BEGIN Provided material
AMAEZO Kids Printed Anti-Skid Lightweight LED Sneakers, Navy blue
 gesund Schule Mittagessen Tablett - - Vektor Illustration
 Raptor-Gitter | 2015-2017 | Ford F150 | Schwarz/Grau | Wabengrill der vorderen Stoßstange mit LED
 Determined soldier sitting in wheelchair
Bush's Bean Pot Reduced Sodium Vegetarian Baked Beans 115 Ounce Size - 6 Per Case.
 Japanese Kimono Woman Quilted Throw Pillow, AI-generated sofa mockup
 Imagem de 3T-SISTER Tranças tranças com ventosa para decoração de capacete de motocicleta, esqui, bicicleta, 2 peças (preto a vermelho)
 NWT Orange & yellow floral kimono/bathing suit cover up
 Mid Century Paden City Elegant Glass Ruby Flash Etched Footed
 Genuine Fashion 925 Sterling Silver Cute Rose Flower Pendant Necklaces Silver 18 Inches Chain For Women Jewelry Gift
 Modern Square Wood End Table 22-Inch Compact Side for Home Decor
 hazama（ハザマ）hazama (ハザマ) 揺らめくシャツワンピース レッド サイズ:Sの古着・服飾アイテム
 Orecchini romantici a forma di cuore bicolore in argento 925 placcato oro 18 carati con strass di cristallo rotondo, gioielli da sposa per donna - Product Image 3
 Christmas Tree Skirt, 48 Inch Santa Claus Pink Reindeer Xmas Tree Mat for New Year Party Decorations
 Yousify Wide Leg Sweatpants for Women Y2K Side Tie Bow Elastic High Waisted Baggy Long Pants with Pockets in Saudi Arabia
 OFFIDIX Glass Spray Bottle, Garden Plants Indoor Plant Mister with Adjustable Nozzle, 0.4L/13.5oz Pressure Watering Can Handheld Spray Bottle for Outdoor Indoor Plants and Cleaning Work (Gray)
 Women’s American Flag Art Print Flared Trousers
END Provided material
• [Assignment]:
The response should be a verbatim transcription of the data.

• [Answer to the problem]:
AMAEZO Kids Printed Anti-Skid Lightweight LED Sneakers, Navy blue
 gesund Schule Mittagessen Tablett - - Vektor Illustration
 Raptor-Gitter | 2015-2017 | Ford F150 | Schwarz/Grau | Wabengrill der vorderen Stoßstange mit LED
 Determined soldier sitting in wheelchair
Bush's Bean Pot Reduced Sodium Vegetarian Baked Beans 115 Ounce Size - 6 Per Case.
 Japanese Kimono Woman Quilted Throw Pillow, AI-generated sofa mockup
 Imagem de 3T-SISTER Tranças tranças com ventosa para decoração de capacete de motocicleta, esqui, bicicleta, 2 peças (preto a vermelho)
 NWT Orange & yellow floral kimono/bathing suit cover up
 Mid Century Paden City Elegant Glass Ruby Flash Etched Footed
 Genuine Fashion 925 Sterling Silver Cute Rose Flower Pendant Necklaces Silver 18 Inches Chain For Women Jewelry Gift
 Modern Square Wood End Table 22-Inch Compact Side for Home Decor
 hazama（ハザマ）hazama (ハザマ) 揺らめくシャツワンピース レッド サイズ:Sの古着・服飾アイテム
 Orecchini romantici a forma di cuore bicolore in argento 925 placcato oro 18 carati con strass di cristallo rotondo, gioielli da sposa per donna - Product Image 3
 Christmas Tree Skirt, 48 Inch Santa Claus Pink Reindeer Xmas Tree Mat for New Year Party Decorations
 Yousify Wide Leg Sweatpants for Women Y2K Side Tie Bow Elastic High Waisted Baggy Long Pants with Pockets in Saudi Arabia
 OFFIDIX Glass Spray Bottle, Garden Plants Indoor Plant Mister with Adjustable Nozzle, 0.4L/13.5oz Pressure Watering Can Handheld Spray Bottle for Outdoor Indoor Plants and Cleaning Work (Gray)
 Women’s American Flag Art Print Flared Trousers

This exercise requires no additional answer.